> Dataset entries
^^^^^^^^^^^^^^^^
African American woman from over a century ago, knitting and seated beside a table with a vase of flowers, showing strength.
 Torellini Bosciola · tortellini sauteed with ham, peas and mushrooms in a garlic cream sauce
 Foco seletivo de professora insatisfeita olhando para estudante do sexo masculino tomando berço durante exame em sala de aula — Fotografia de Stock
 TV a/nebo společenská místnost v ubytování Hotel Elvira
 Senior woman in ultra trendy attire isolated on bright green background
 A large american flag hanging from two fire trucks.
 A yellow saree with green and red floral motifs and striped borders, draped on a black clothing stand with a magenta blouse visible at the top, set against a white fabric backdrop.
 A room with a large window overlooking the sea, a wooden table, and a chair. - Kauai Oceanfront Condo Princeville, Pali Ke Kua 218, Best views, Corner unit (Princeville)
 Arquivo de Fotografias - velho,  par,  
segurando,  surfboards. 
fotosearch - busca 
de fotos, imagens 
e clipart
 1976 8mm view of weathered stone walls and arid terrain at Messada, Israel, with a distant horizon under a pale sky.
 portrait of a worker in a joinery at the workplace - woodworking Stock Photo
^^^^^^^^^^^^^^^^
> PROBLEM REQUIREMENTS
Only the lines from the one containing "A room with" to the end of the data should be printed, exactly as they stand.

> THE COMPLETED TASK
 A room with a large window overlooking the sea, a wooden table, and a chair. - Kauai Oceanfront Condo Princeville, Pali Ke Kua 218, Best views, Corner unit (Princeville)
 Arquivo de Fotografias - velho,  par,  
segurando,  surfboards. 
fotosearch - busca 
de fotos, imagens 
e clipart
 1976 8mm view of weathered stone walls and arid terrain at Messada, Israel, with a distant horizon under a pale sky.
 portrait of a worker in a joinery at the workplace - woodworking Stock Photo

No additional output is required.